Also, the system is set up in a way that wrongfully ignores tradition. Why was New York City Football Club created, when the Cosmos still play football in New York? Shouldn’t FC Cincinnati have a chance to secure a spot in a division one league, by the club’s demonstration of excellence and passion on and off the field? And I’d love to see a club with a history like Bethlehem Steel play in a top division of U.S. soccer, or at least have the chance to do so.

Fans would benefit from promotion and relegation in many ways. One of the most significant ways is that every single game matters in such a system. I am not against the MLS. In fact, I’m a passionate supporter of Sporting KC, my hometown team. But the tension in many of their games is nothing like the tension I experience as a supporter of the Arsenal, where each and every game matters. And that tension is part of what brings out passion and excellence in a club, as well as a league.

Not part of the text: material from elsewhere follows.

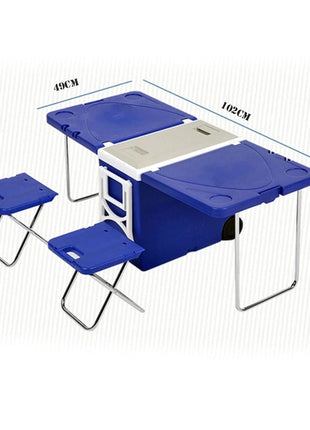 CRONY 28L two-chair plastic incubator with desk and chair Multi-function picnic table with cooling incubator | Blue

I’d love it if MLS became a true division one league, with a creation of an open pyramid that perhaps includes leagues like the North American Soccer League, Premier Development League, and National Premier Soccer League. The pressure in an open system forces the best from players, coaches, and their clubs. Those that can’t measure up go down, with other clubs taking their place by what they’ve done to secure promotion.

If the United States is going to go deeper in the World Cup, let alone win it, promotion and relegation in U.S. soccer is a key element for actually doing so. It would be good for clubs, good for players, good for fans and supporters, and good for soccer at all levels.

It might be complicated to transform our system this way, and there are certainly economic issues. But we need promotion and relegation to truly compete with the world’s best at the beautiful game. The United States should play the world’s game the world’s way.